**Requirement**.
With the images excluded, set down every line of the listing below exactly.

**Given material**.
━━━━

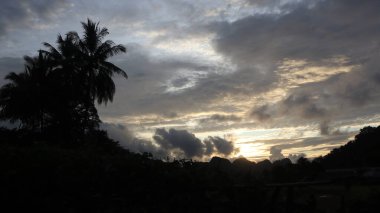 Arkasında Endonezya pirinç tarlaları olan dağlarda gün batımı, çok güzel bir manzara..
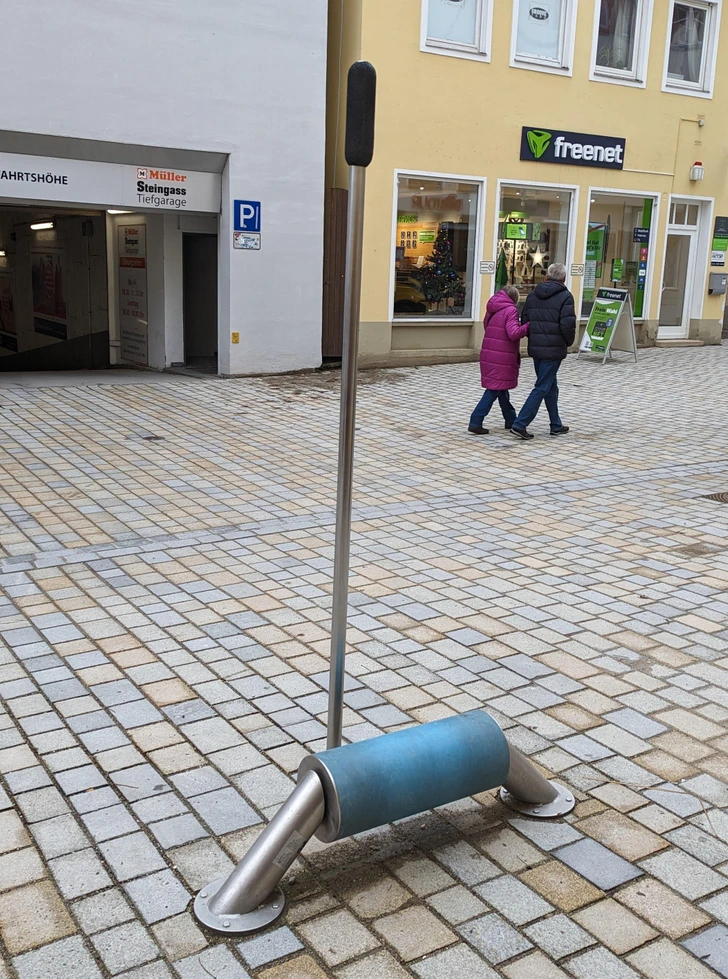Rouleau avec bâton pour jeu d'équilibre
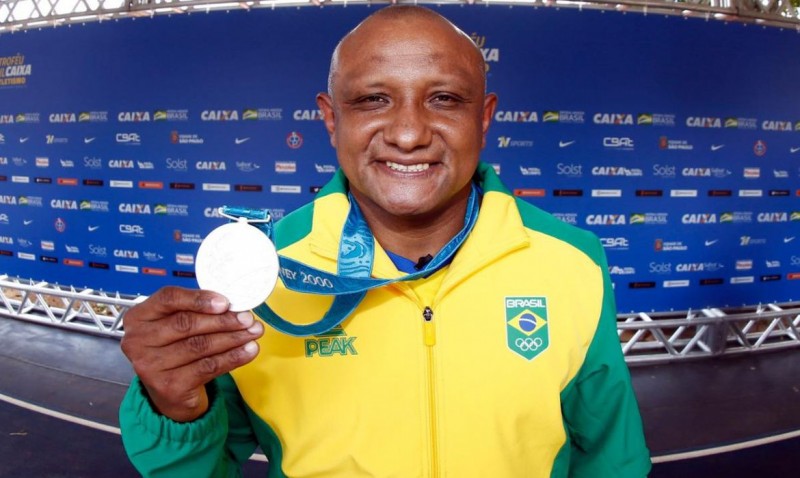 Após 20 anos de espera, Cláudio Roberto Sousa recebe medalha olímpica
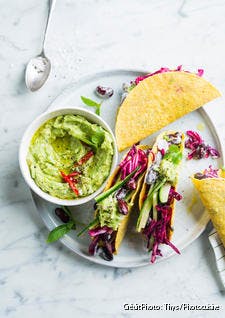 Tacos au guacamole, concombre, haricots rouges et chou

━━━━

**Task answer**.
 Arkasında Endonezya pirinç tarlaları olan dağlarda gün batımı, çok güzel bir manzara..
Rouleau avec bâton pour jeu d'équilibre
 Após 20 anos de espera, Cláudio Roberto Sousa recebe medalha olímpica
 Tacos au guacamole, concombre, haricots rouges et chou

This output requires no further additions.